Optimize kitchen prepare with Chef

4 minute read


Bluebox

Optimizing remote testing

A previous article described how to optimize the image create part of the kitchen create stage. This post will focus on the kitchen prepare step.

The current duration for each stage.

Stage Duration (seconds) % Total
Create 20 seconds 1%
Prepare 7 minutes 36 seconds 41%
Converge 10 minutes 14 seconds 67%
Verify 11 seconds 1%


Previous Articles

  1. Remote testing in Bluebox with Chef
  2. Optimization overview of Bluebox with Chef
  3. Optimizing boot
  4. Optimizing create


Kitchen Prepare

The prepare stage of test kitchen executes a few required tasks before the converge step. Those tasks include:

  • Installing chef client test server (if not installed or at the right level)
  • Starting the chef zero server on the test server
  • Uploading cookbooks

These steps all seem fairly simple, what is taking up seven and a half minutes?

Installing Chef

The .kitchen.yml, can specify via the provisioner directive a version of chef to verify is installed or install if missing or not at the right level. This is done using the product_name and product_version directives. An example configuration to verify chef 13.0.118 is installed would look like this:

 provisioner:
   name: chef_zero
   product_name: chef
   product_version: 13.0.118

To optimize testing speed, the image being tested against already has Chef installed at the correct version, which is the same version that is running in production. The test kitchen file being used for these tests do not specify a product_name or product_version so this step is skipped. This step isn’t contributing to the lengthy prepare time and there is nothing to further optimize.

Start Chef-Zero

What is Chef Zero? According to the readme

Chef Zero is a simple, easy-install, in-memory Chef server that can be useful for Chef Client testing and chef-solo-like tasks that require a full Chef Server.

Because Chef Zero runs in memory, it’s super fast and lightweight. This makes it perfect for testing against a “real” Chef Server without mocking the entire Internet.

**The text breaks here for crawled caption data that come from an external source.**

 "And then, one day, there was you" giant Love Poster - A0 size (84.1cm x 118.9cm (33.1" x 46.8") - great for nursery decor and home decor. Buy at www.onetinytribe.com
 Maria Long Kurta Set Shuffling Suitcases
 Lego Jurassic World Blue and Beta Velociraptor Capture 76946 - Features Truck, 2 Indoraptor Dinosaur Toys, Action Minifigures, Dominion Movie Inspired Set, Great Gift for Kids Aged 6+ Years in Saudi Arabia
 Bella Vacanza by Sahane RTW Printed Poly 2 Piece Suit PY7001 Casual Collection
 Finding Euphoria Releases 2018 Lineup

This should be quick to start and shouldn’t be significantly contributing to the prepare time. Nothing to optimize in this step.

Uploading cookbooks

The process of elimination has left us with only one likely culprit. Inspecting the logs confirms the suspicion.

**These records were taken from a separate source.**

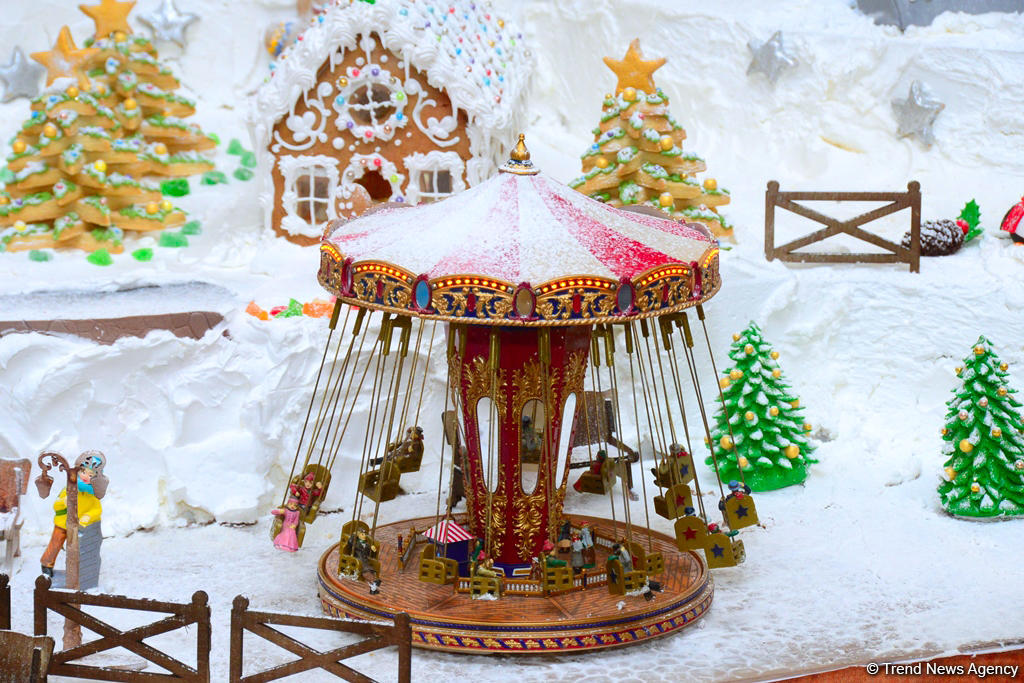 Издательский дом Nargis представил Gingerbread City – сладкое чудо в Баку (ФОТО)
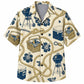 Labor Day Hawaiian Shirt- Rope Cooler Grill Bloom Pattern for Summer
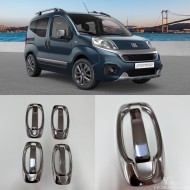 Fiat Fiorino Krom Kapı Kolu Set 8 Parça 2008-2024 Uyumlu 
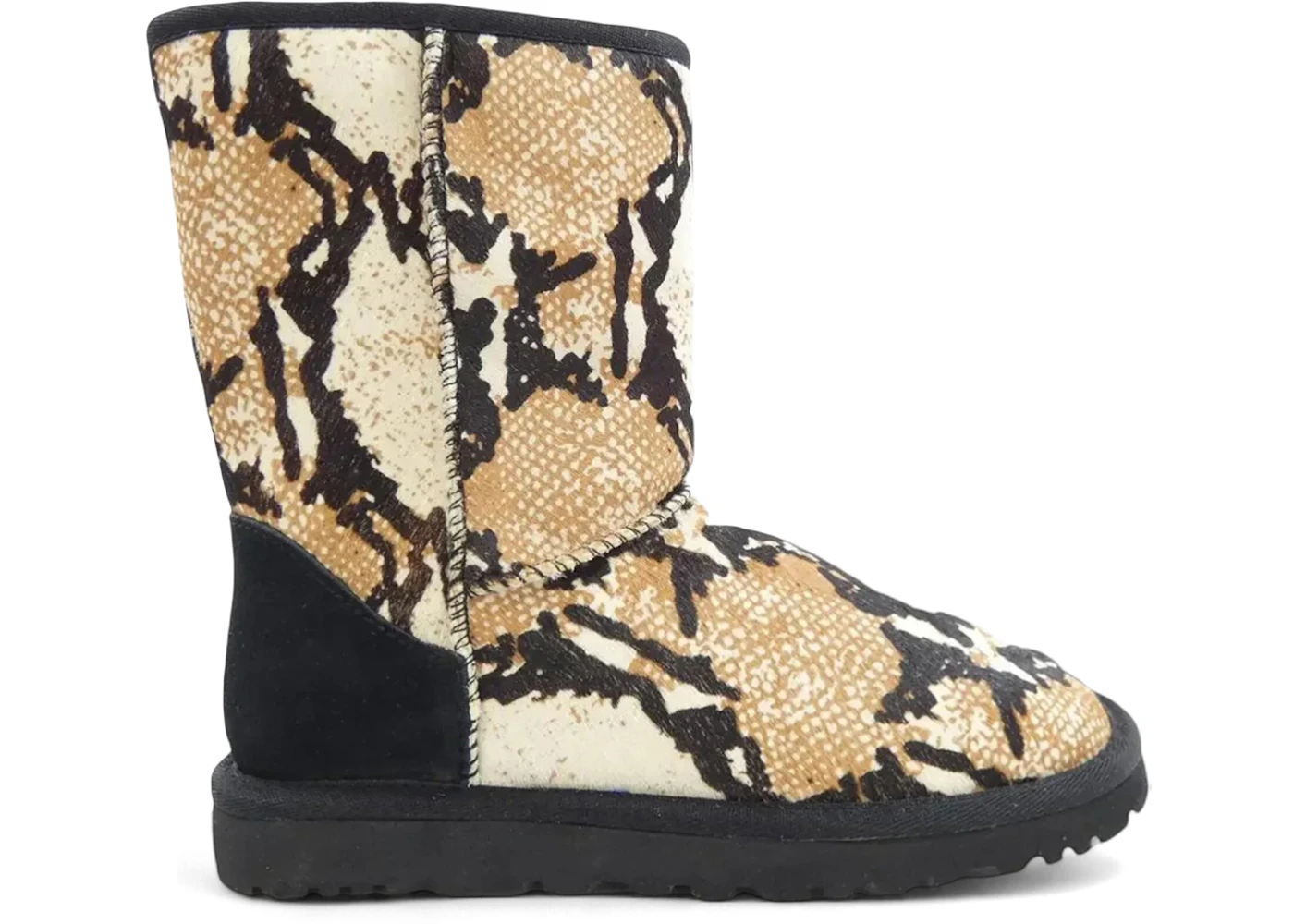 UGG Classic Short Reptile Calf Hair Boot Beige Black Snakeskin (Women's)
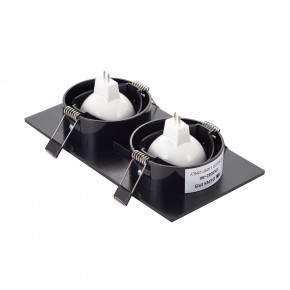 DK3022-BK Встраиваемый светильник, IP 20, 10 Вт, GU5.3, LED, черный, пластик в Серове - serov.ok-mebel.com | фото 3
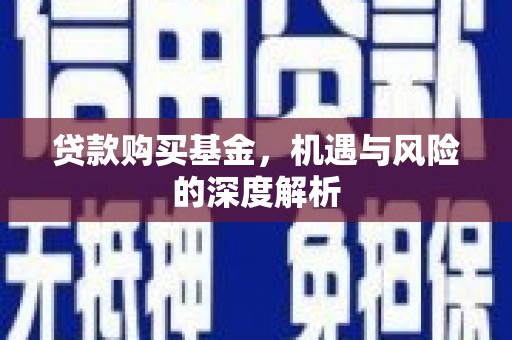 银川贷款购买基金，机遇与风险的深度解析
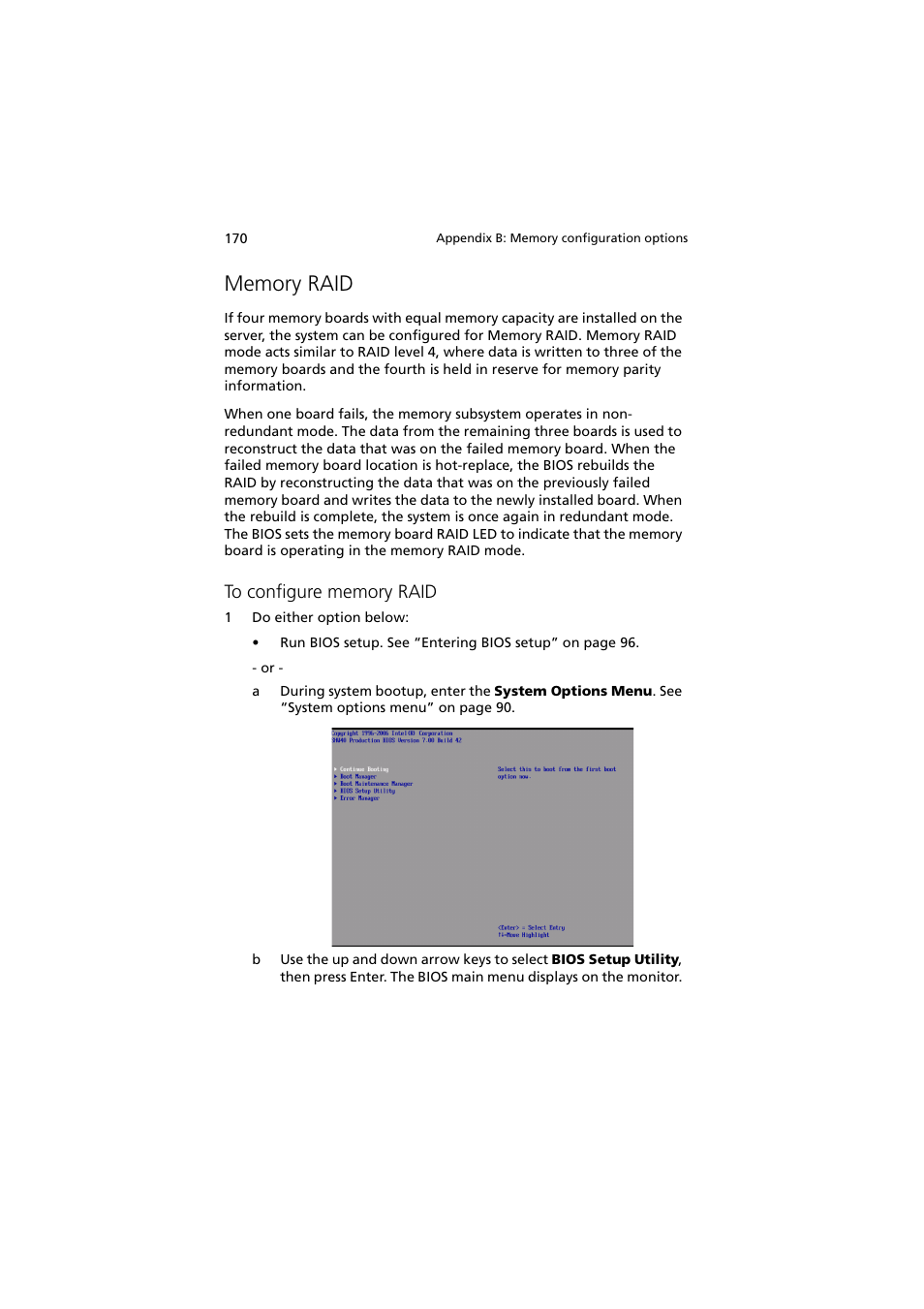 Memory raid | Acer Altos R910 Series User Manual | Page 180 / 192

Transferring files to <cloud-cmusta-prd-RHEL7>
D TIMING: scp async upload (Kitchen::Transport::Ssh)
D TIMING: scp async upload (Kitchen::Transport::Ssh) took (7m36.16s)

The real question is why is it taking so long and why wasn’t it an issue when testing locally?

The answer is a combination of the number of files being uploaded and the method used by test kitchen to upload the files. Some of the role cookbooks have over 1,000 files and test kitchen uploads those one a time. When the system is local, that is quick. However, with remote testing every one of those files transferred requires a lot of communication that is delayed because of the distance between the user and the remote testing location.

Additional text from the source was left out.